EXCLUSIVE-Jet engine maker CFM studies plan B for next fuel-saving design, sources say
The venture co-owned by GE Aerospace and France's Safran has been championing an open-rotor engine, featuring a large exposed fan instead of a traditional casing, as the most efficient and environmentally friendly architecture for the next series of Airbus and Boeing jets. It says this would generate fuel and emissions savings of 20% under a widely publicised research programme called RISE.

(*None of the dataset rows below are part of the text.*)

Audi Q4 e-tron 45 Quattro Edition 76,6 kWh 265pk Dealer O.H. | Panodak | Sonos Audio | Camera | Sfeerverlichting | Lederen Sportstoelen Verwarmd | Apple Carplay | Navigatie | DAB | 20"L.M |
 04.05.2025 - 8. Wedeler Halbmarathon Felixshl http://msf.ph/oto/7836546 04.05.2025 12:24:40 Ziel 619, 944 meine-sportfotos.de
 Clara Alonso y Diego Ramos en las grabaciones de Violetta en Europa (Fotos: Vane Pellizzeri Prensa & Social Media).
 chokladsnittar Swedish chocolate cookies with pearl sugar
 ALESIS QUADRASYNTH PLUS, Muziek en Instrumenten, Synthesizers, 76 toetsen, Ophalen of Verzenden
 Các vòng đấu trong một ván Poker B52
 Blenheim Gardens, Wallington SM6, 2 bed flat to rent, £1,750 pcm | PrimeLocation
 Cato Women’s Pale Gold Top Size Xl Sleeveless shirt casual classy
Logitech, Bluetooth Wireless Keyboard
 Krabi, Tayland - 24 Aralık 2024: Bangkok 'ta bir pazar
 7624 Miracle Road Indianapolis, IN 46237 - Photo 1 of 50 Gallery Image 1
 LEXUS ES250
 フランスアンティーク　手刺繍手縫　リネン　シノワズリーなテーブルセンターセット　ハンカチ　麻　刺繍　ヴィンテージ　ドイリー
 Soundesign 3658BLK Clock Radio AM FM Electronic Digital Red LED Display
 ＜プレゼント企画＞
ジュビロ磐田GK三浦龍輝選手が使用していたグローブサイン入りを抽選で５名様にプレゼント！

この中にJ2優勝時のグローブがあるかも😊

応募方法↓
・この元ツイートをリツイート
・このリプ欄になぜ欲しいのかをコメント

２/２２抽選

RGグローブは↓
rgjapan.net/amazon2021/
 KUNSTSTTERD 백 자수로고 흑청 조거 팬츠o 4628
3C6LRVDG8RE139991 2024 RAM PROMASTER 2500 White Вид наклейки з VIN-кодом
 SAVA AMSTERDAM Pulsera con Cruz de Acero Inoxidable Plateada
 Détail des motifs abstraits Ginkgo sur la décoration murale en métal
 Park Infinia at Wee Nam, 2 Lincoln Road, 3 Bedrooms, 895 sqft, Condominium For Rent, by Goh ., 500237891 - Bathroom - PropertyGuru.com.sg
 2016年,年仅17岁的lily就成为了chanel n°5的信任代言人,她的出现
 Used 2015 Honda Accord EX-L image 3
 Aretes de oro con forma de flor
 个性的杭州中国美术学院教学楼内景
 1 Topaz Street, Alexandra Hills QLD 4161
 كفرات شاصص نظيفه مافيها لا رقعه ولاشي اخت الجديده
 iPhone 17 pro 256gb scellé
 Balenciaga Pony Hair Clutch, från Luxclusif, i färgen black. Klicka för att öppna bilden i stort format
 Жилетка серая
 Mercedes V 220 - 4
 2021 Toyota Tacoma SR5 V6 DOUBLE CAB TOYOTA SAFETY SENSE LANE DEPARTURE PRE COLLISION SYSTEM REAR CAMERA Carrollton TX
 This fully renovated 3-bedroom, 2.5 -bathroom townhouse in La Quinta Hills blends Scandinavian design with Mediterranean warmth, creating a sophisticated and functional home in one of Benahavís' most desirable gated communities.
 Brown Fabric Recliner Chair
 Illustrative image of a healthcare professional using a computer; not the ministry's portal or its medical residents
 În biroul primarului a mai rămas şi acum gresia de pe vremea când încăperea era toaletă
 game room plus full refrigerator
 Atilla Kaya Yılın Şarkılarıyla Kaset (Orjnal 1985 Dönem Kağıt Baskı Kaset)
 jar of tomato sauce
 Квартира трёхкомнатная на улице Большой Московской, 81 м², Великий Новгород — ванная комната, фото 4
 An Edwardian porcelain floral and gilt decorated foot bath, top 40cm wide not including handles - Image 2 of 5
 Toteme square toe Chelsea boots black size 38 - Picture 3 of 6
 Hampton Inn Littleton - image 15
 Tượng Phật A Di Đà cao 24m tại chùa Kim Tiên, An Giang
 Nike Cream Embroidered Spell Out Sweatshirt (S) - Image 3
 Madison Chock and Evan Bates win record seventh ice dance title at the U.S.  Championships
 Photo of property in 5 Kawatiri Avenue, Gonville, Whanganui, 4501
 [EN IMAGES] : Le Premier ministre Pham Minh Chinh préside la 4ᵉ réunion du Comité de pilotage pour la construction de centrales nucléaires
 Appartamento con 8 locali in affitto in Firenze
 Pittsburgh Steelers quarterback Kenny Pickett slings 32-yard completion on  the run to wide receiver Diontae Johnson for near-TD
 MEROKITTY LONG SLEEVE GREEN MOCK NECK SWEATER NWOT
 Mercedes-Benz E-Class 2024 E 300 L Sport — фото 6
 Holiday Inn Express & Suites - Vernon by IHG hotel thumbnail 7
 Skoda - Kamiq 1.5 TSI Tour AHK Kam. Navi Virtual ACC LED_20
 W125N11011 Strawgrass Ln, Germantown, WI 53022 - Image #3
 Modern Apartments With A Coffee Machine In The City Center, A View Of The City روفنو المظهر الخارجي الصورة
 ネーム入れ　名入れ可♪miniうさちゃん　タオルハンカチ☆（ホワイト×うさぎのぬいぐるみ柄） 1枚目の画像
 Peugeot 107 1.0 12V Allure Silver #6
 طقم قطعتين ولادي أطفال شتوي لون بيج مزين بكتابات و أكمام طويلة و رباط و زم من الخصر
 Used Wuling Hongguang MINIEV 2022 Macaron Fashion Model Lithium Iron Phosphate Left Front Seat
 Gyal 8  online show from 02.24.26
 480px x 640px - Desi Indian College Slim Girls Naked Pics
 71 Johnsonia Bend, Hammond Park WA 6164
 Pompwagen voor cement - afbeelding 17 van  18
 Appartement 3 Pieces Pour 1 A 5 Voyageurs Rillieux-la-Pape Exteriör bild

French-US jet engine maker CFM is studying a more conventional "advanced ducted" engine design alongside its preferred option for a radical open-fan concept for future jets, as the industry debates fuel savings and lower emissions, industry sources said. The venture co-owned by GE Aerospace and France's Safran has been championing an open-rotor engine, featuring a large exposed fan instead of a traditional casing, as the most efficient and environmentally friendly architecture for the next series of Airbus and Boeing jets.
It says this would generate fuel and emissions savings of 20% under a widely publicised research programme called RISE. But it is also looking in a more structured way than previously reported at a design where the fan would be contained inside a shell similar to casings on current engines. Experts say such designs save less fuel but can be more adaptable.
SAFRAN CODE NAME REVEALS ALTERNATIVE DESIGN The choice of technologies has potential implications not only for the efficiency of aircraft entering service around 2040, but the commercial strategies of Airbus and Boeing.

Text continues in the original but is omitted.